How to practice the rare art of negotiating a price upwards
44° 3′ 11.1852” N 9° 50′ 18.3372” E
“He says, the price is five euros!” Skippers wife is standing in the bow talking with the harbourmaster
We have just slipped into a vacant berth at Pontile Ignazio – a simple pontoon bridge, electricity and water on the bridge, but no toilet and shower facilities. We are way outside high season, so why not? Five euros sounds like a fair price. Anyway: This is Italy.
After ten hours of sailing from Genoa upwind and with rather high waves we wanted to make a stopover in Portovenere between Cinque Terre and La Spezia. But a call on the phone turned that plan down. “Sorry, we have a sailing regatta, the harbour is full.”
Instead we found this simple pontoon a bit north of Portovenere. Skippers wife does not speak Italian. The harbourmaster does not speak English.
“Now he says, the price is 14 euros,” she shouts from the bow of Ronja.
14 euros? Not 15 euros? She hurries back to the cockpit to get even money and to pay this still rather cheap price. The harbourmaster has in the meantime found his phone, and writes the real price: 50 euros.

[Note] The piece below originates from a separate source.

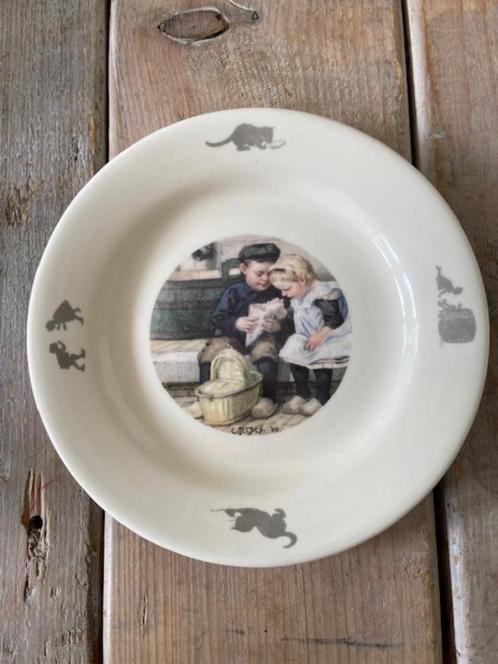 Bordje Ot en Sien. Wolters Noordhoff 2004. Kinderbordje., Huis en Inrichting, Keuken | Servies, Zo goed als nieuw, Bord(en), Overige stijlen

Back we are in Italy. 50 euros for little more than nothing.
Portovenere is cozy, historic and picturesque. One half of the population serves food to the tourists. The other half sell local souvenirs.
It is a beautiful place. Church, fort and fortifications are chiseled into the rocks. Water all around. Back in the cockpit we have the exclusive possibility to enjoy this unique location. Life is great. And the lovely wife of skipper masters the rare art of negotiating a price upwards.

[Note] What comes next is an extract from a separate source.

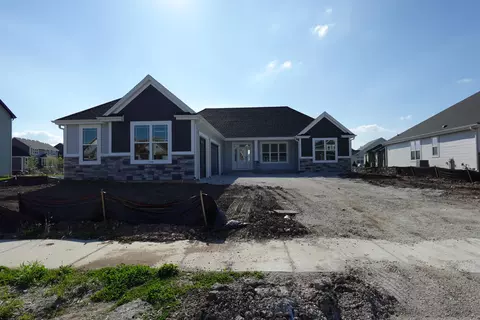 1570 Creekview, Oconomowoc, WI 53066
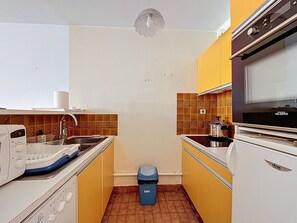 Coffee/tea maker, fridge, microwave, oven - T2 Apartment with Air Conditioning, Loggia and Parking in Carnon (Mauguio)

Genoa does not win at first sight
44° 24′ 39.06” N 8° 55′ 24.5352” E
Course Genoa. Full sail. Great sailing. The harbour of Genoa is huge. You turn into the harbour and you keep sailing and sailing and sailing, the harbour just goes on and on. Ferry berths, container ports, yachts. This port is mega.

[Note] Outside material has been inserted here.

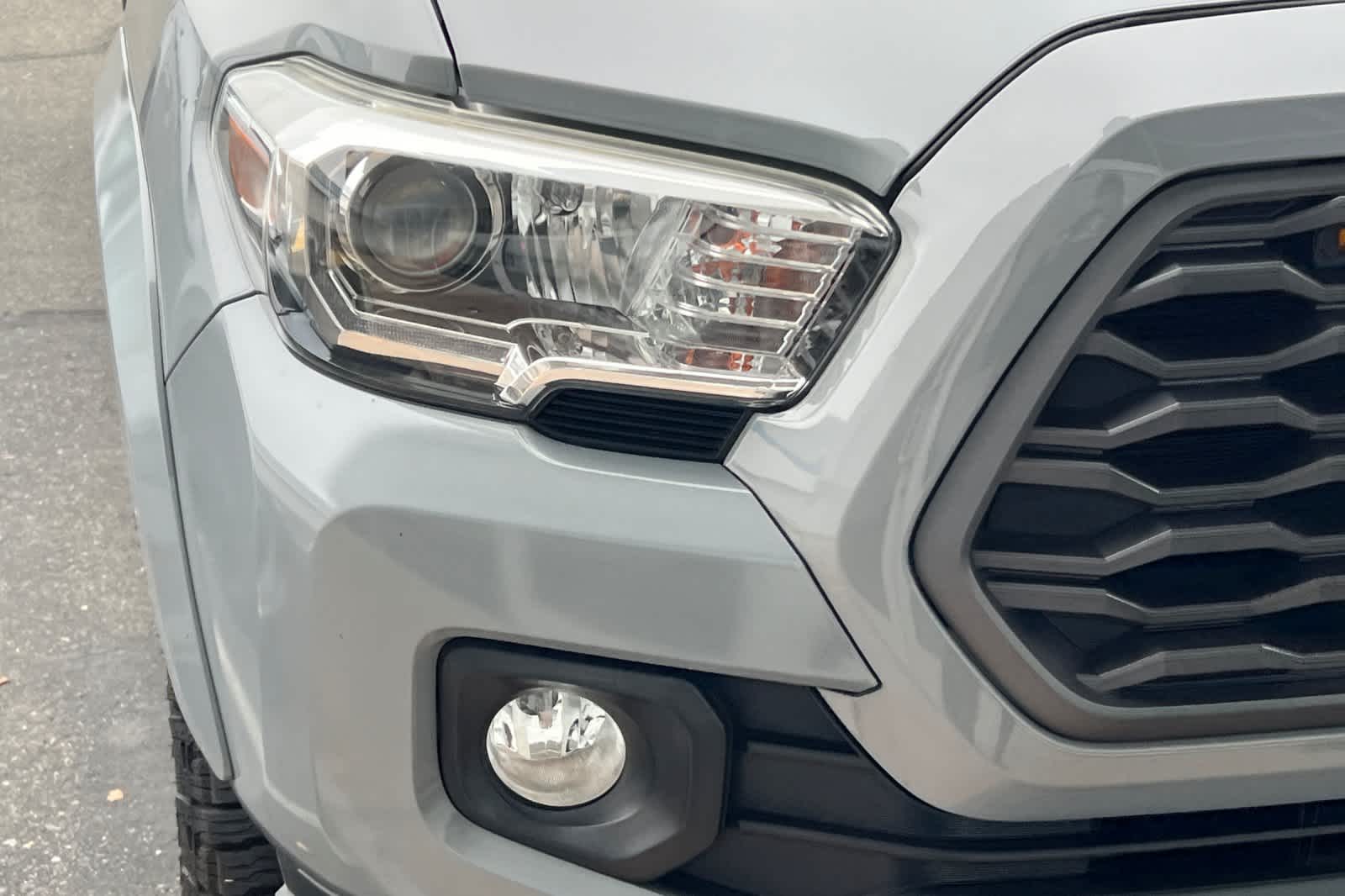 Thumbnail: 2020 Toyota Tacoma - 8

We are received like the lost but now returning son. “Ahh, Ronja,” they say, as we call the harbour office in advance and tell them, that we are arriving. “Ahh, Mister Westergaard,” they say, as we enter the harbour office. We have already a couple of months ago agreed with the harbour office in Genoa, that Ronja shall spend the winter from October 1st to late March, so we have been writing together and agreed on price and conditions through numerous emails prior.
Genoa is not a beautiful city. It’s a rough town, with its poverty, and its most worn buildings facing the harbour. There are no showy facades with upscale restaurants. Here are halal butchers, souvenir shops, beer bars, dubious electronics stores plus a jumble of street vendors selling umbrellas, selfie-sticks and copies of Gucci-bags and Rolex watches.
The port population has a conspicuous large percentage of immigrants from Africa. The neighborhood is a complex network of alleys, narrow streets lined with five-storey buildings on each side, where the sun never reaches the street level. Worn. Dodgy. Prostitutes on street corners. The waste flows. Unsafe after dark.
This does not mean that the city has no beautiful buildings. In between we find the most stunning and beautifully renovated palaces and cathedrals.
It is a city, you have to work with. Only when you reach deep into the city, you find its beauty, charm and nuances.
Ronja has had winter harbour in Marina Porto Alto for nearly six months and each time we visit Genoa, our respect for the city is increasing.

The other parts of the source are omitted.